Tittrington: FSHS got peek at future

? The present didn’t provide much fodder for the Free State High girls basketball team Wednesday night.

A 17-point loss in the opening round of the Class 6A state tournament will have that effect. There wasn’t much coach Bryan Duncan or his players could say about the Firebirds’ loss to Wichita South that wasn’t painfully obvious to anyone who walked through the White Auditorium turnstiles. So why dwell on it?

Instead, they did a little time traveling.

First, to the future – where things look oh-so-promising for a program desperate to show it isn’t a flash in the pan.

The last time the Firebirds saw their season end in Emporia, they followed with four straight seasons that failed to measure up and build any momentum. That shouldn’t be a concern this time.

While Free State isn’t excited about losing the senior trio of forward Banaka Okwuone and guards Tricia Dunham and Sarah Heider, reality is now at hand. And it says a returning core that includes four starters – including the Firebirds’ top three scorers – is a good reason to start worrying about what will happen next winter instead of what ended this one.
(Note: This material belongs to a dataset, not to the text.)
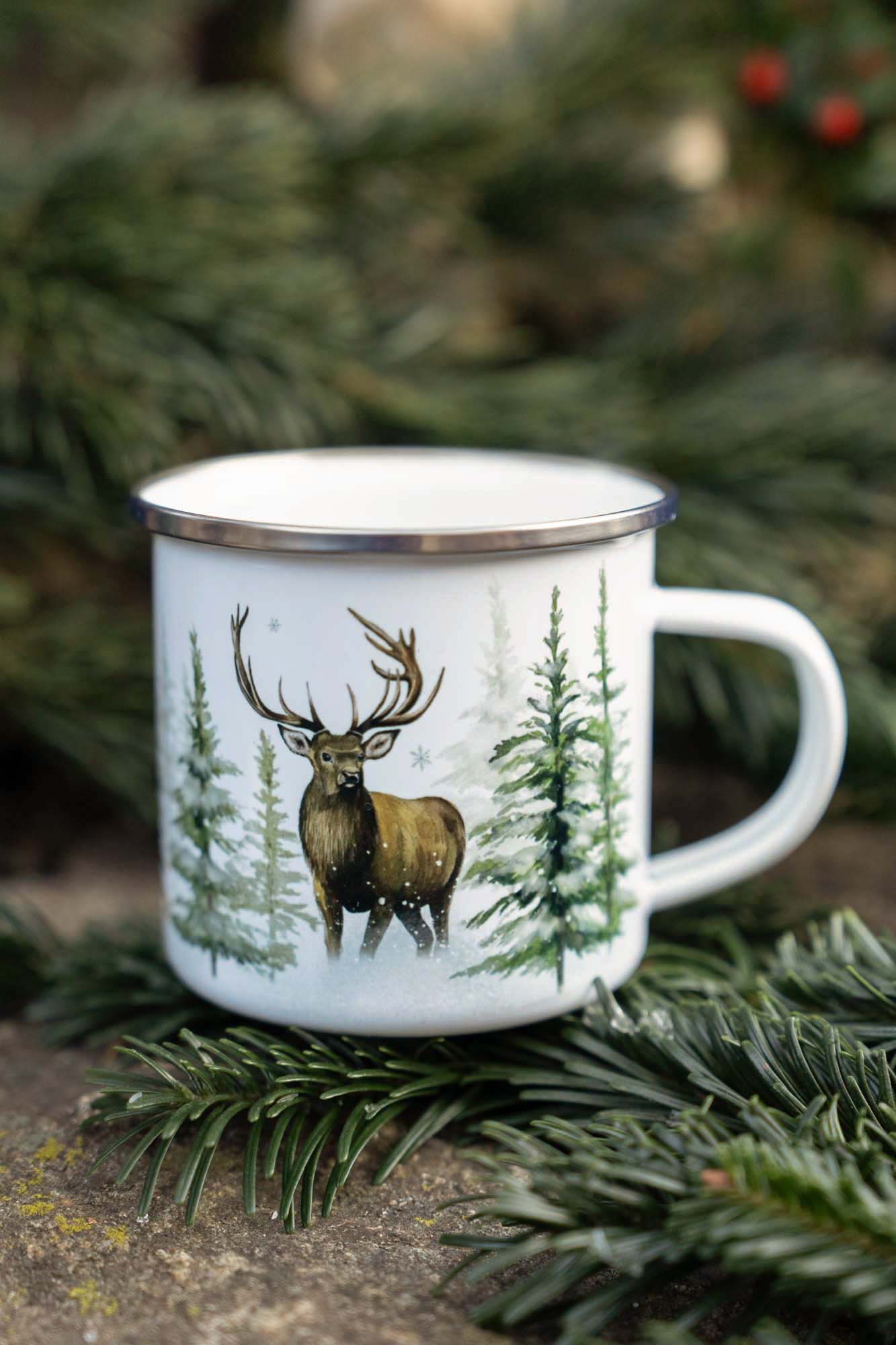 Hrnek/plecháček/lahev - Zimní kouzlo lesa - Jelen a koloušek - Obrázek 3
“We really feel like we got over the hump, so to speak, by getting here,” Duncan said. “That does raise our expectations for next season. That means we need to work really hard in the offseason. We’re not going to surprise anyone next season. But our players like those lofty expectations.”

“They’re going to be able to pick up right where we left off,” said Heider, a role player who saw her career end with a brief appearance on the state stage. “They’re going to be awesome next year. Free State is in good hands.”
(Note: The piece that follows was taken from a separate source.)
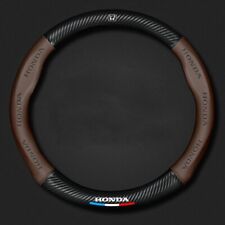Steering Wheel Cover Genuine Leather For Honda Civic Accord Cr-v Brown 15 38cm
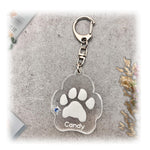 爪形キーホルダー ペット メモリアル 肉球プリント 名前刻印 誕生石付き 記念品 手元供養 アクリルプレート 犬 猫 の思い出 供養 ずっと一緒 プレゼント ギフト ラッピング無料 いぬ かわいい おしゃれ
Two months ago, not everyone was quite so sure.

To understand just what the future now means, one must look to the past – specifically, to mid-January, when the Firebirds were 7-7 and facing an identity crisis.

“There was one point in the locker room where coach (Ashley) Rogers said, ‘You need to figure it out and decide where you want to go from here,'” Free State junior Kelsey Harrison said. “And we did.”

The Firebirds subsequently ran off eight straight victories, including wins over rival Lawrence High to close out the regular season and again five nights later to open the postseason. Then came the game that will live forever in their collective memory – a 69-65 victory over Olathe East in a Class 6A sub-state final to earn the right to dance in Emporia.

“It’s no secret right about then, at 7-7, our goal was to get to the state tournament,” Duncan said. “We certainly believed we could do it and would do it. Obviously, you’d like to win a game when you get here … but we did accomplish our major goal.”

Which, in Duncan’s perpetual glass-half-full world, was enough to bring forth a phrase no one expects out of a coach forced to cut short his tournament itinerary by two full days.

“I’ve actually got a great feeling right now,” Duncan said. “You look at what got us here – our last month and a half of the season was pretty special.”